• [About this exercise]: Below are some records. Retype exactly the lines from the one containing "Giulia Grillo Wreath" through the one containing "Fachada Clínica Dentista", both included, skipping every picture.

• [Records supplied]:
+ + + +

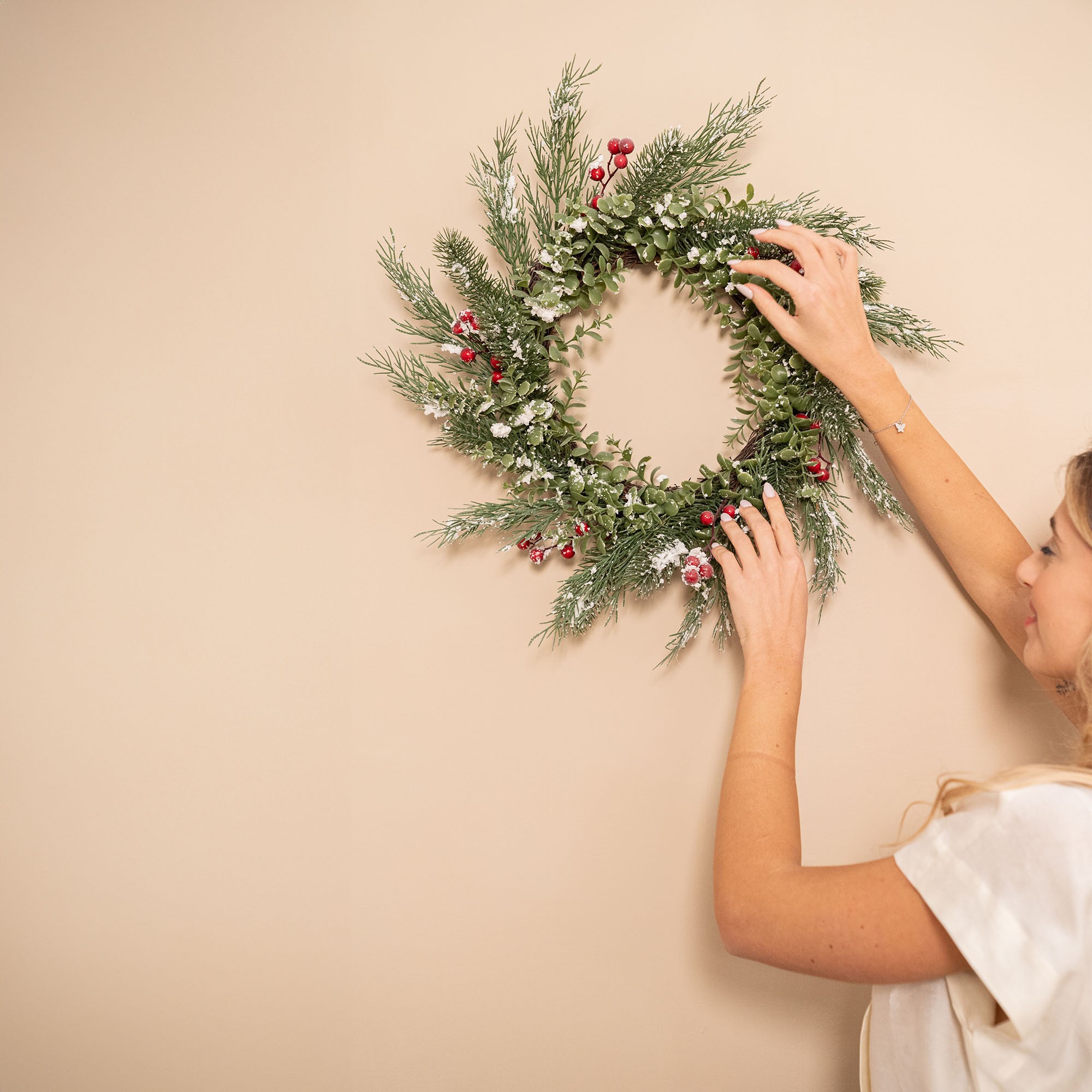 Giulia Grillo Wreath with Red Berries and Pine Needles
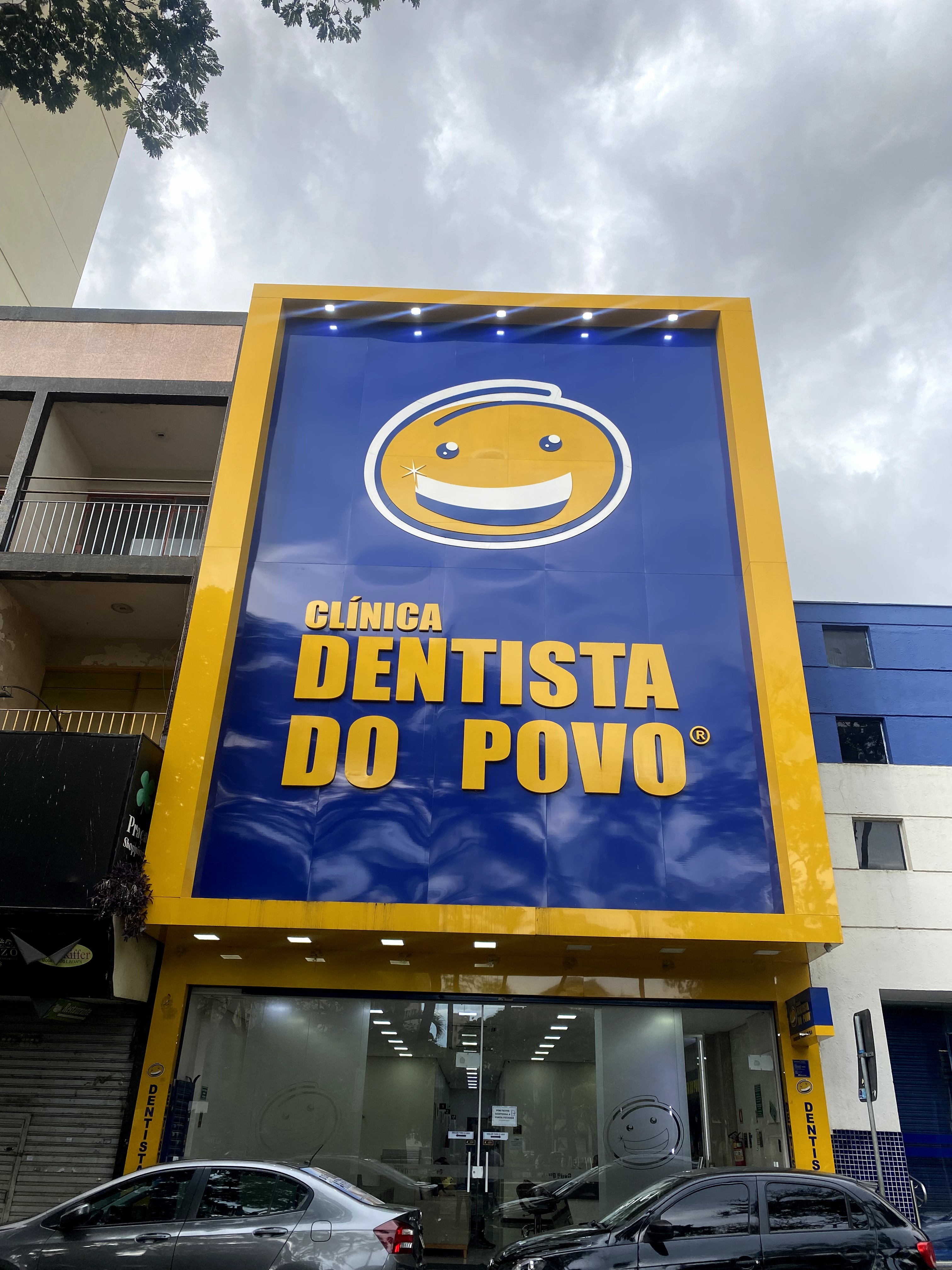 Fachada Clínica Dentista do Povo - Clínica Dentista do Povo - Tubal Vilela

+ + + +

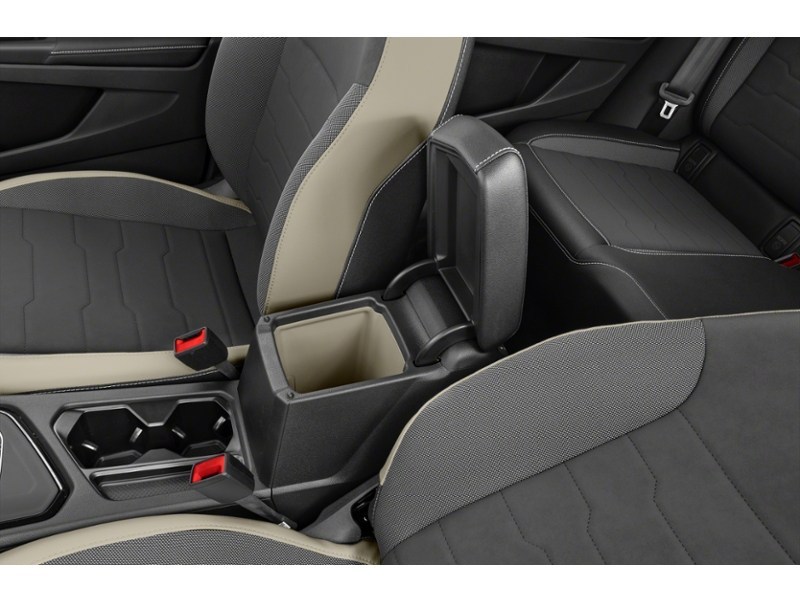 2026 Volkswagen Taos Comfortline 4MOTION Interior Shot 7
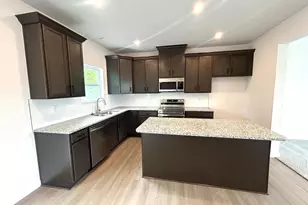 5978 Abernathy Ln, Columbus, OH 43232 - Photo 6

+ + + +

• [Output below]:
 Giulia Grillo Wreath with Red Berries and Pine Needles
 Fachada Clínica Dentista do Povo - Clínica Dentista do Povo - Tubal Vilela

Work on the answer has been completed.